DIRECTIONS FOR THIS TASK: Retype word for word the line containing "Outdoor Oasis: Ανεβάστε" and each line that follows it in the records below, through the last one, with no pictures.
[Opening SUPPLIED RECORDS section]
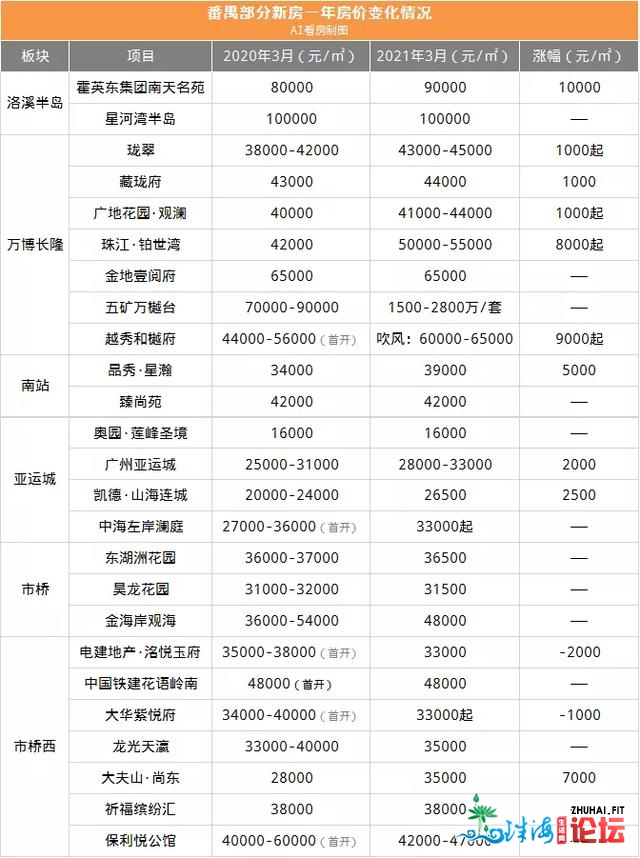 盘货广州北部房价：另有2字头的高地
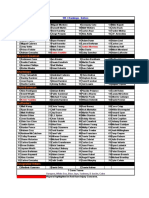 WK Four Rankings - Hitters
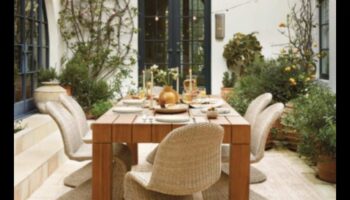 Outdoor Oasis: Ανεβάστε την αισθητική του κήπου σας με διακόσμηση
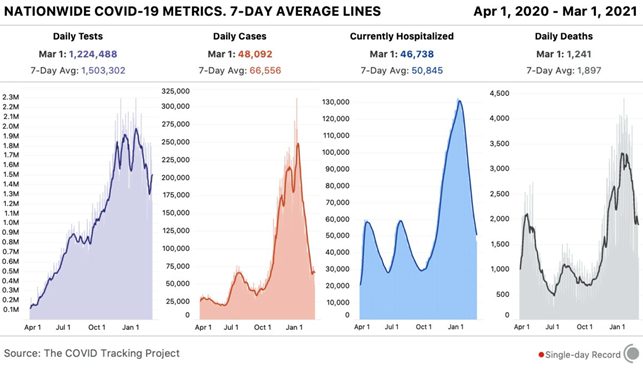 A graph depicting nationwide COVID-19 metrics' 7-day average lines from April 1, 2020 to March 1, 2021: daily test, daily cases, those currently hospitalized, and daily deaths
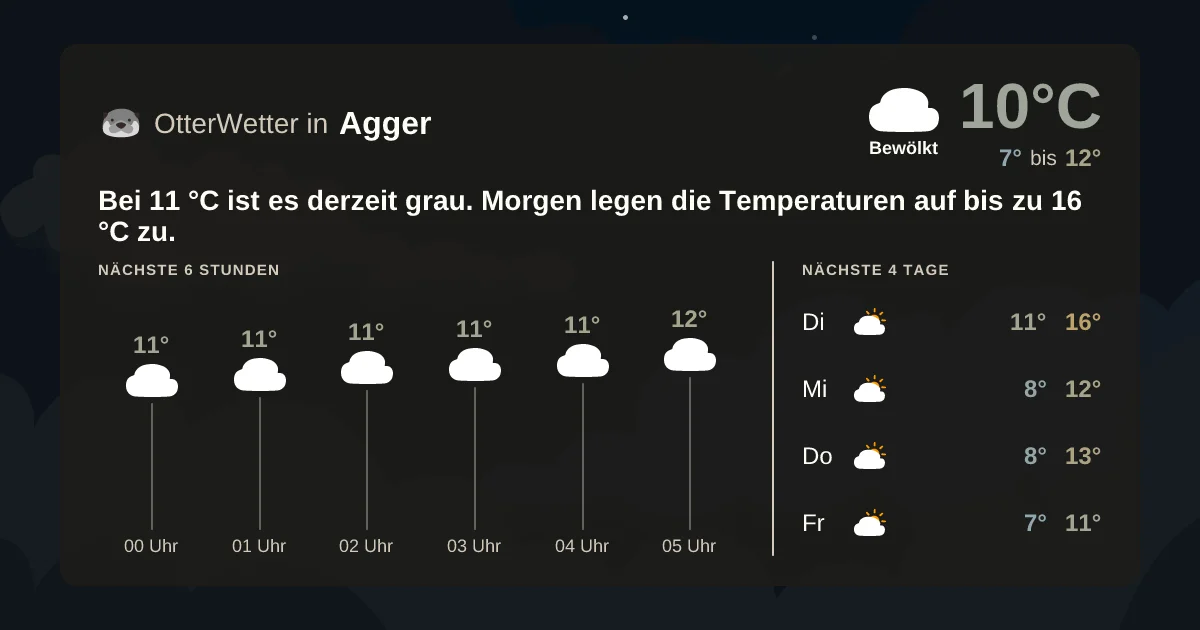 Widget-Vorschau für Agger Wetter-Widget-Vorschau mit Vorhersagedaten für Agger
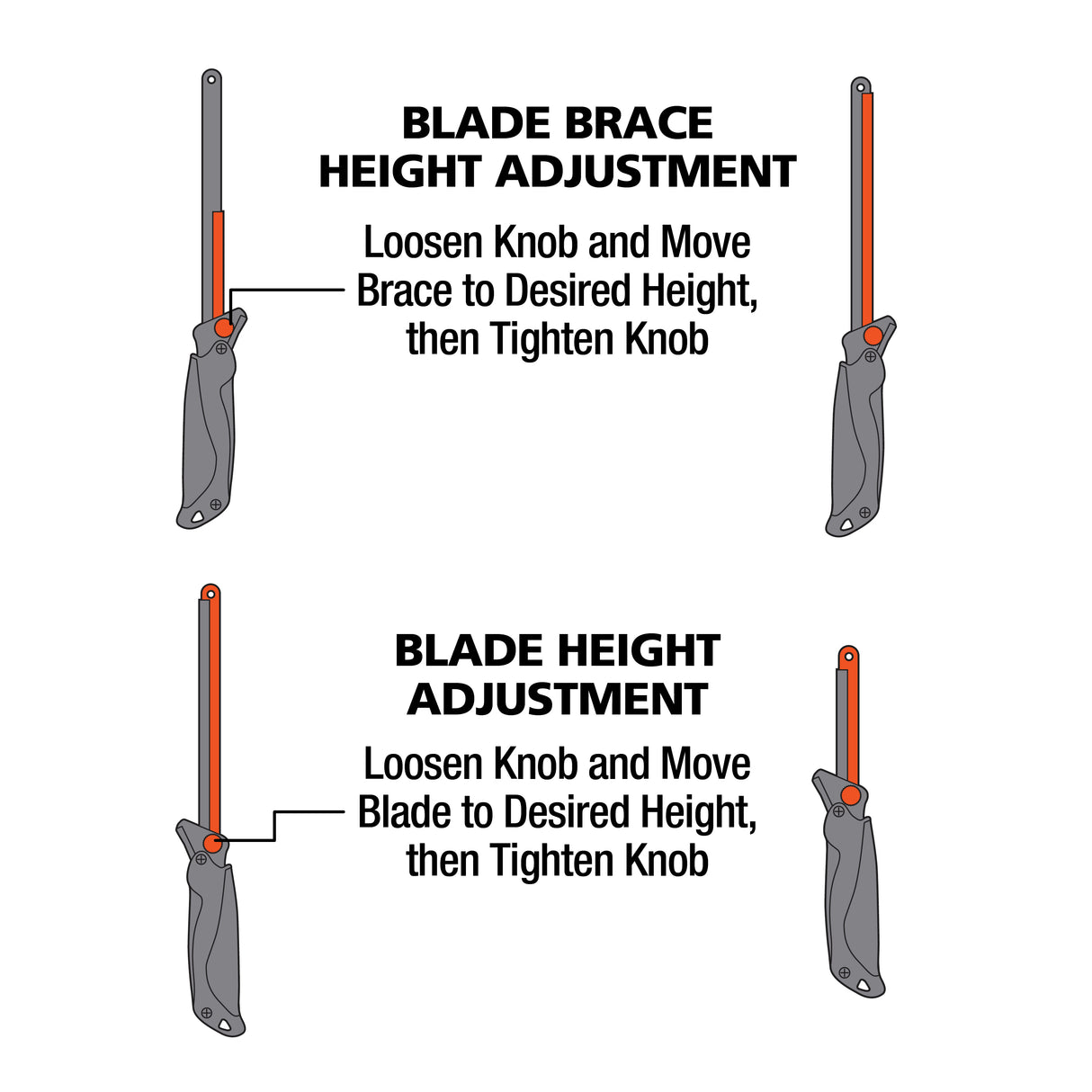 GreatNeck 80070 Adjustable Close Quarter Hacksaw (10-Inch) Additional Image 6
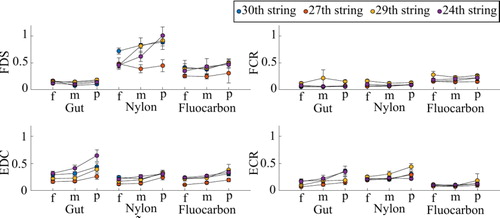 Figure 2. EMG indices ÃEMG during the plucking of four notes played under three dynamics and three stringings. Error bars represent a 95% confidence interval.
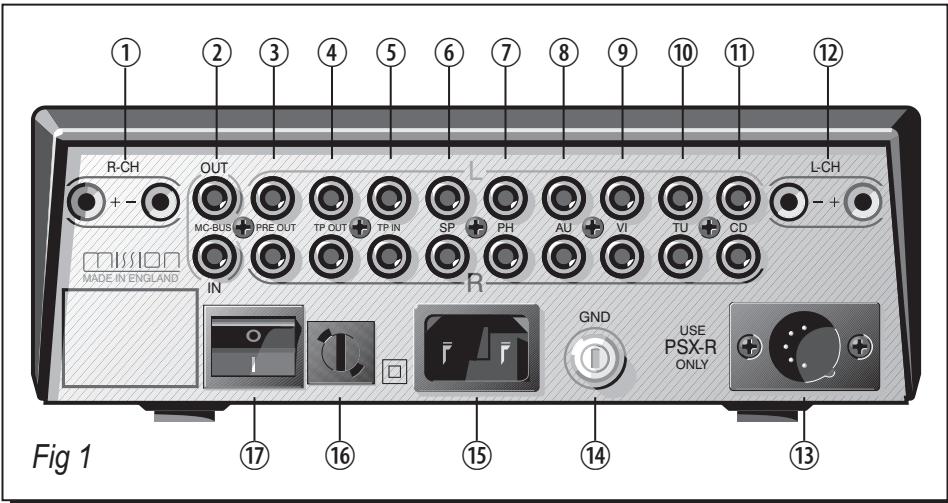 Cyrus Audio IIIi - User Instructions Cyrus IIIi - 1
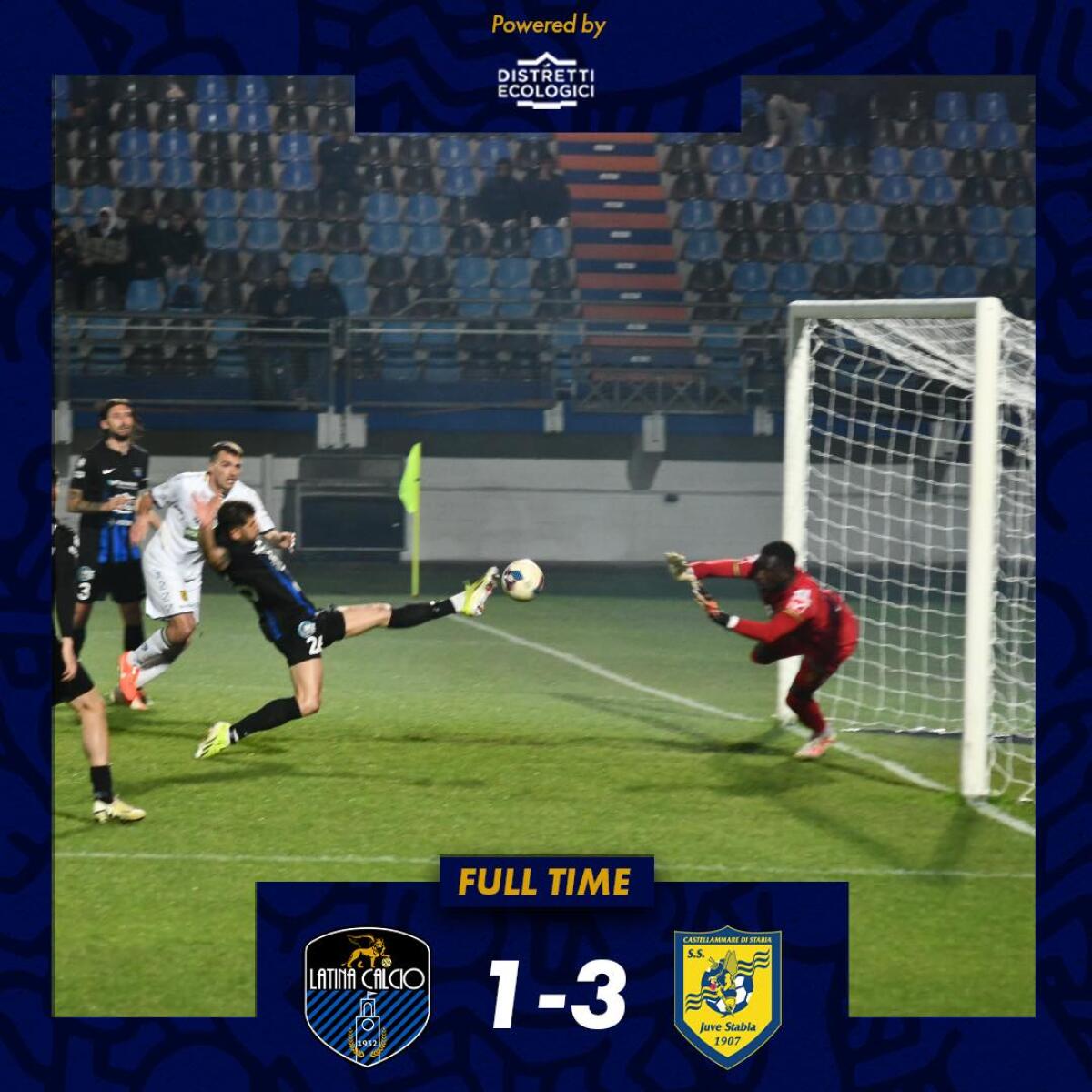 Calcio di Lega Pro: seconda sconfitta consecutiva per il Latina contro la capolista Juve Stabia. Domenica si  gioca a Crotone. -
[Closing SUPPLIED RECORDS section]
SOLUTION:
 Outdoor Oasis: Ανεβάστε την αισθητική του κήπου σας με διακόσμηση
 A graph depicting nationwide COVID-19 metrics' 7-day average lines from April 1, 2020 to March 1, 2021: daily test, daily cases, those currently hospitalized, and daily deaths
 Widget-Vorschau für Agger Wetter-Widget-Vorschau mit Vorhersagedaten für Agger
 GreatNeck 80070 Adjustable Close Quarter Hacksaw (10-Inch) Additional Image 6
 Figure 2. EMG indices ÃEMG during the plucking of four notes played under three dynamics and three stringings. Error bars represent a 95% confidence interval.
 Cyrus Audio IIIi - User Instructions Cyrus IIIi - 1
 Calcio di Lega Pro: seconda sconfitta consecutiva per il Latina contro la capolista Juve Stabia. Domenica si  gioca a Crotone. -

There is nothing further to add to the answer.